Modern AI did not begin with chatbots, it began with a handful of people asking strange questions at a time when computers filled rooms.

As one historical account puts it:

"While this groundwork was being laid, the earliest computers, including ENIAC and UNIVAC, emerged in the 1940s and early '50s. In 1950, Alan Turing asked the question, 'Can machines think?' and introduced the Turing Test as a way of measuring machine intelligence. In 1956, John McCarthy coined the term 'artificial intelligence' at the Dartmouth Summer Research Project, widely considered the birth of the field."

Those were leadership acts.

They were not optimising quarterly performance. They were betting their careers on an idea that intelligence could be expressed in circuits and symbols.

For leaders today, this is a useful lens.

The breakthroughs you will thank yourself for in ten years will not look obvious at the time. They will look like Turing’s question did in 1950, a little awkward, slightly out of place, but stubbornly important.

The practical question: where in your portfolio are you making space for those awkward but essential AI questions?

Thank You To The People Who Survived The AI Winters

We talk a lot about breakthroughs and almost nothing about the years when nothing seemed to work.

There were long stretches when AI looked like a bad bet. As one recent history summarises it:

"Funding for AI dried up. The period between the late 1970s and the early 1990s is often referred to as the 'AI winter.' Researchers, now with limited resources, continued to work quietly, producing incremental but essential improvements that paved the way for the field’s resurgence decades later."

Quiet, incremental work is not glamorous.

Yet that is where most of the compound interest lives.

The optimisation tricks, the better algorithms, the obscure conference papers that today’s large language models rely on, all came from people who kept going when the spotlight had moved on.

If you lead a business now, you probably have your own winters.

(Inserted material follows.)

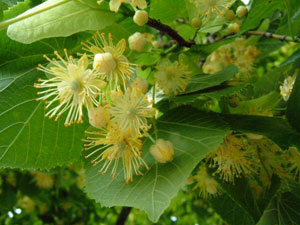 PERFUMES-TГ­lia-Linden-blossom--de-www.abundantifessetials.com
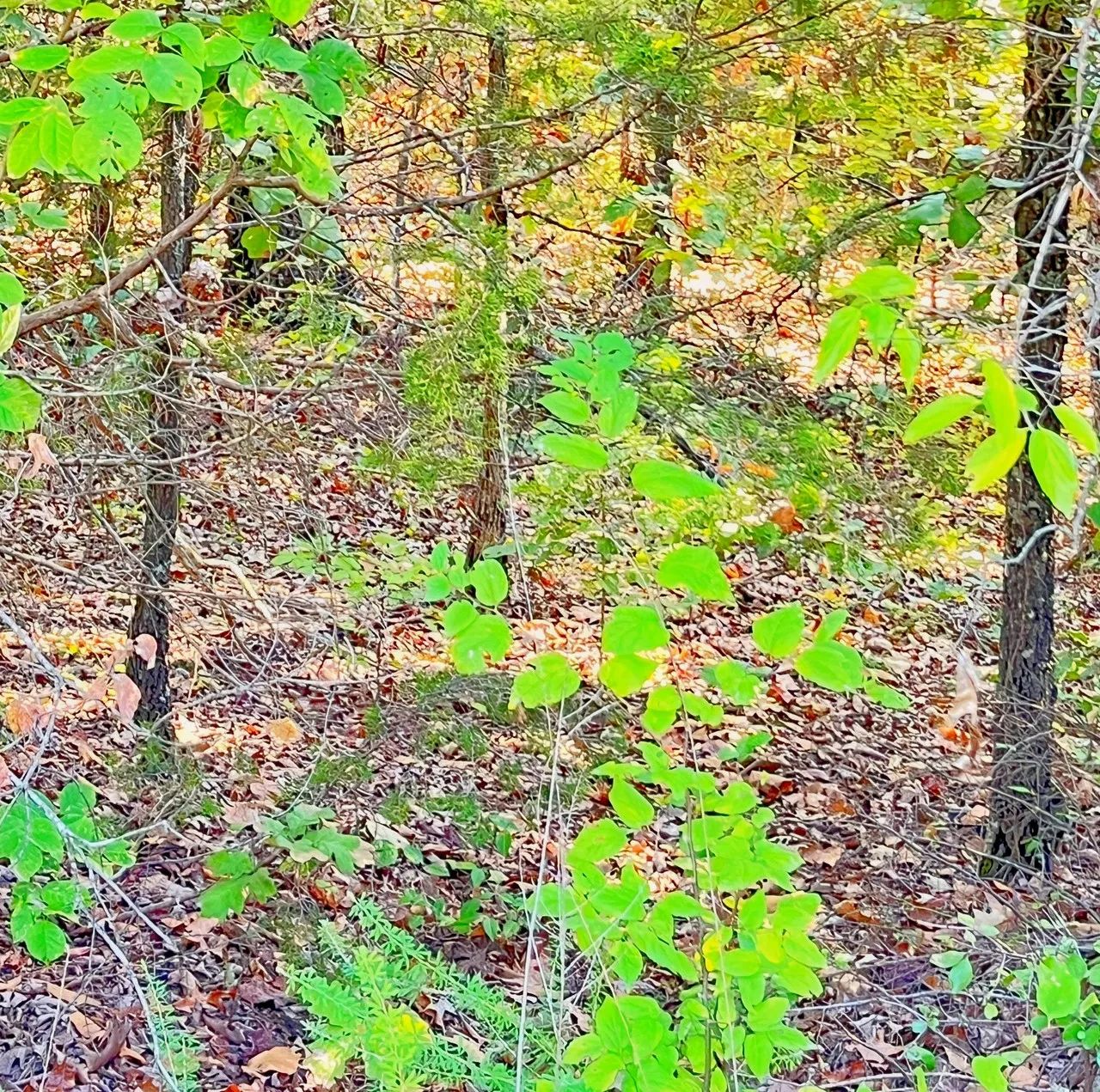 A Peaceful Vista to Settle Down Between Two Lakes in Izard County, AR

Projects that feel stalled. Teams doing invisible plumbing.

The leadership move is to see that work clearly, protect it where it matters, and be explicit about why it counts. Without those winters, there is no summer.

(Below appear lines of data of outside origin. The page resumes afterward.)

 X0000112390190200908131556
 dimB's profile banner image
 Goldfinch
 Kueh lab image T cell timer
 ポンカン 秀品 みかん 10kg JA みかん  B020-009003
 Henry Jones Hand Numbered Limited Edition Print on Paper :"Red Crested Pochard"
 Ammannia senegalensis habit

Thank You To The Sci‑Fi Writers And Speculative Thinkers

Before we had models, we had metaphors.

Long before most people had seen a computer, let alone an LLM, science fiction was doing the hard work of giving society language for what AI might mean.

Policy analysts today are blunt about this link:

"Science fiction is often the earliest ‘policy lab’ for issues presented by emerging technologies—shaping cultural perceptions, ethical debates, and, increasingly, governmental attention to AI. From Isaac Asimov’s ‘Three Laws of Robotics’ to countless more recent works, fiction has supplied the metaphors and mental models policymakers use to frame both hope and risk."

Those stories made it possible to ask sensible questions about robots, autonomy, and control decades before the technology existed.

For leaders, this is a nudge to take imagination seriously.

The stories your organisation tells about AI, internally and externally, will shape how your people use it. If the only narrative is cost cutting, you will get narrow, fearful adoption. If the narrative is thoughtful augmentation, you give teams permission to experiment, to raise ethical concerns, and to look for shared upside.

Your comms, your town halls, your strategy decks are your own kind of sci‑fi. Use them wisely.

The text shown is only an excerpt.